*** Opening Source records ***

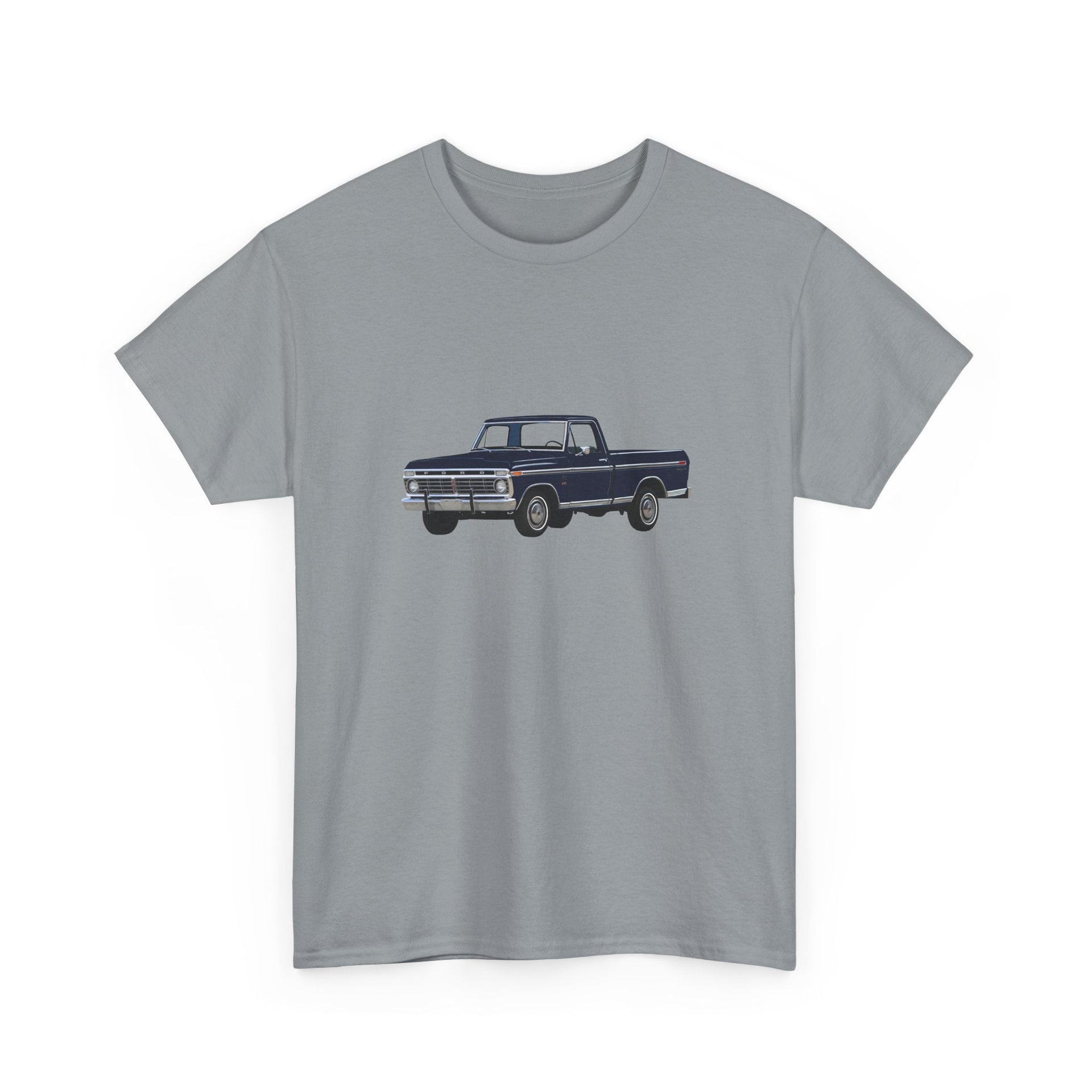 1974 Ford F - 100 Ranger Pickup T-shirt - Cars, Trucks & Cycles - Harvey Ltd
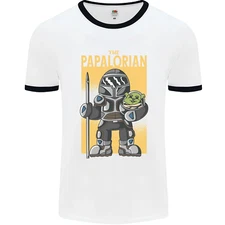 Fathers Day The Papalorian Funny Papa Mens Ringer T-Shirt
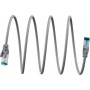 WENTRONIC Cabo de rede Cat6a S/FTP RJ45, 0,25 m, cinzento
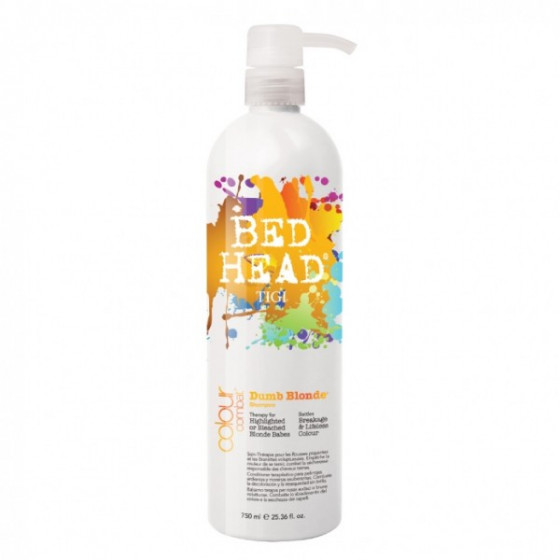 Tigi Bed Head Colour Combat Dumb Blonde Shampoo - Відновлюючий і зберігаючий колір волосся шампунь для блондинок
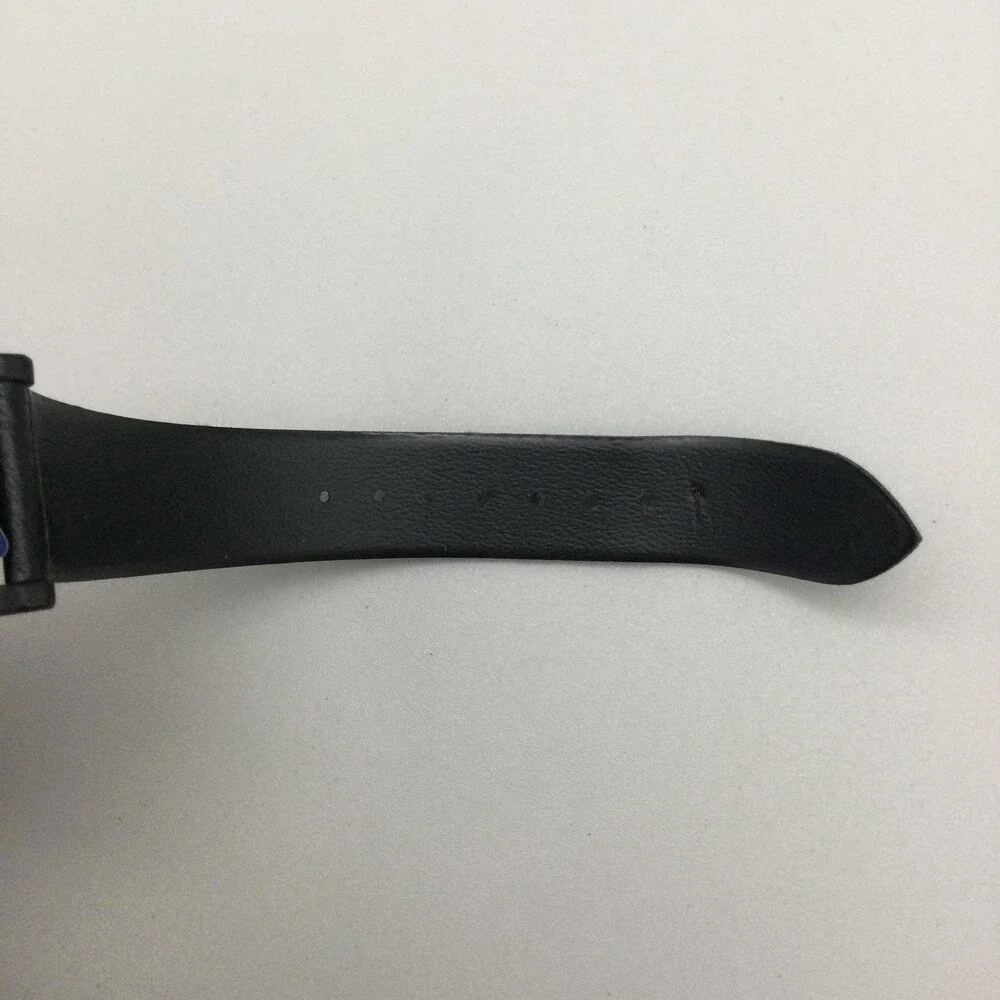 Lorus Unisex Watch 31mm Mickey Mouse V515-6B20 Black Leather Disney New Battery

*** Closing Source records ***

* _Exercise goal_:
Exact copy, pictures omitted: every line from the one holding "WENTRONIC Cabo de" through the last line of the data above, and nothing else.

* _Solution to the problem_:
 WENTRONIC Cabo de rede Cat6a S/FTP RJ45, 0,25 m, cinzento
 Tigi Bed Head Colour Combat Dumb Blonde Shampoo - Відновлюючий і зберігаючий колір волосся шампунь для блондинок
 Lorus Unisex Watch 31mm Mickey Mouse V515-6B20 Black Leather Disney New Battery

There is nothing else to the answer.